SOPHIE (Sophie HECQUET)

Sophie Hecquet en 1973 – Photo (c) Georges Giaufret

La chanteuse, aussi animatrice de radio et télévision, française Sophie HECQUET naît le 9 octobre 1944 à Dax sous le vrai prénom d’Arlette. Elle commence sa carrière artistique sous le pseudonyme de Jenny Hahn et accompagne Johnny Hallyday en tournée au début des années 1960. En 1962, elle tient le rôle de Zizi la twisteuse dans un scopitone tourné par Claude Lelouch. Un an plus tard, elle apparait, sous le nom de Sophie Hecquet cette fois, dans le film « Cherchez l’idole » réalisé par Michel Boisrond. Elle y tourne aux côtés de Mylène Demongeot, Franck Fernandel, Dany Saval, Pierre Bellemare, Harold Kay, Hector et les Médiators, Claude Piéplu, Les Frères Ennemis, Bruno Coquatrix, Johnny Hallyday, Frank Alamo, Charles Aznavour, Eddie et Sylvie Vartan, Nancy Holloway, Jean-Jacques Debout, Eddy Mitchell, les Chaussettes Noires, les Surfs, Pierre Doris et Christian Marin notamment. Comme la plupart des artistes apparaissant au générique, Sophie y joue son propre rôle de chanteuse. Car elle rejoint à ce moment le peloton des jeunes « yé-yés » dont les 45 tours se vendent plutôt bien. Sophie Hecquet interprète ainsi sous le seul prénom de Sophie quelques succès comme « Quand un air vous possède » (1963), « Tout ça pour le locomotion » (accompagnée par Eddie Vartan et son orchestre en 1963) ou « Reviens vite et oublie » (« Be my baby ») (1963).
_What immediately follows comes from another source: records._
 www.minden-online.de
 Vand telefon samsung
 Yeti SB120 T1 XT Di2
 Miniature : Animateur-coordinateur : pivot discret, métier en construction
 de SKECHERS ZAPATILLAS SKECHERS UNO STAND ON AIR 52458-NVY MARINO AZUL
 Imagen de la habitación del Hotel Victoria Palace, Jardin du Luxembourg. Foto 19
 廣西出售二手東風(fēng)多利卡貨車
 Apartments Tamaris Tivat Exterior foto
Le dernier disque de l’époque « sixties » est commercialisé en 1965. C’est aussi en 1965 qu’elle interprète, dans l’émission télévisée française « La la la », la chanson « For me formidable » en duo avec Charles Aznavour. Le 12 avril 1966 à 16 heures, Sophie est présente au Studio Mac Mahon, situé rue des Acacias dans le 17e arrondissement de Paris. Elle fait partie des artistes posant pour la mythique photo de « Salut les Copains » réalisée par Jean-Marie Périer et qui réunit 46 idoles du début des années 1960. La chanteuse s’y trouve entre Monty et Noël Deschamps. Le cliché est publié en juin 1966 comme poster central du numéro spécial du magazine mensuel qui fête ainsi le quatrième anniversaire de sa parution. Puis, la chanteuse revient avec quelques 45 tours dans les années 1970 comme « Souvenirs » (1973) et « Je t’aime bien » (1974).
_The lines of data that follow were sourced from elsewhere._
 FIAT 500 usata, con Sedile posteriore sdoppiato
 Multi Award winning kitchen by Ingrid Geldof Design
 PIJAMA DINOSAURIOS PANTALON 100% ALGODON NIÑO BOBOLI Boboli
Mais ce qui reste probablement sa chanson la plus connue est celle avec laquelle elle représente Monaco au concours Eurovision de la Chanson en 1975 et qui lui permet de se classer treizième: « Une chanson c’est une lettre ».

C’est aussi la dernière trace discographique que l’on possède de Sophie Hecquet qui, par la suite, va devenir animatrice de radio et de télévision. Elle officie ainsi durant une quinzaine d’années sur RMC, Radio Monte-Carlo, aux côtés notamment de Jean-Pierre Foucault. Elle s’occupe aussi des programmes destinés aux jeunes. Puis, au début des années 1980, elle rejoint RTL Télévision et travaille pour le groupe essentiellement en Belgique dès la naissance de RTL-TVI en 1987. Entre septembre 1995 et juin 1996, elle y produit ainsi l’émission « Comme chez vous ». A la même époque et jusqu’en 1998, elle revient interpréter ses succès dans les émissions de Pascal Sevran à la télé française. Au début des années 2000, Sophie tente une reconversion difficile dans la restauration en ouvrant un restaurant à Uccle dans la banlieue bruxelloise: « La maison de Sophie ».

Puis, alors qu’elle pense s’installer durablement en République dominicaine, elle doit être rapatriée à Paris pour y subir l’opération d’un anévrisme aortique. Alors qu’elle est hospitalisée, Sophie Hecquet s’éteint à 04h30 du matin le dimanche 28 octobre 2012.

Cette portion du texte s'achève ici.